Reading the access attributes of directories in Windows

Thomas Jollans thomas at jollybox.de
Fri Aug 20 00:04:29 CEST 2010


On Thursday 19 August 2010, it occurred to Tim Golden to exclaim:
> On 19/08/2010 4:55 PM, vsoler wrote:
> > I've been looking in the "os" library, and found the "os.chmod" method
> > but I am not sure that it is going to give me what I need. Should I
> > also used library "stat"?
> 
> No. Both of these are basically doing a best-endeavours job of mapping
> certain Windows attributes to some Posix equivalent. They're essentially
> useless for anything beyond the most trivial tasks.

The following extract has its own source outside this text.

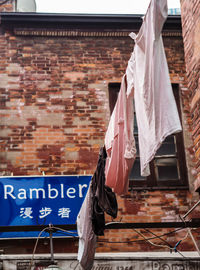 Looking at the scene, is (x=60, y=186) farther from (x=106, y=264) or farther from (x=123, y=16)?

This brings up an interesting, but probably quite complicated question: is it 
reasonable to try to express Windows permissions using full POSIX ACLs (not 
the traditional UNIX mode, the full-featured complex beast that most users 
know nothing about and that many file systems don't enable by default) -- or 
is it, maybe, possible to express the Windows permissions model as a subset of 
POSIX ACL?

I'm no expert either, but the basic idea is that you replace the traditional 
UNIX model with one where not only does every file have an owner and an owning 
group, and r/w/x permission bits for owner, group, and "the rest", but you can 
also specify permissions for arbitrary users and groups, in addition to the 
standard set. I'm leaving out all the details, of course, first and foremost 
those I don't know about myself, but that's essentially it.

Do Windows NT permissions do anything more? Or, apart from the "executable" 
bit, anything less, for that matter?

Just asking. Maybe there are some experts around.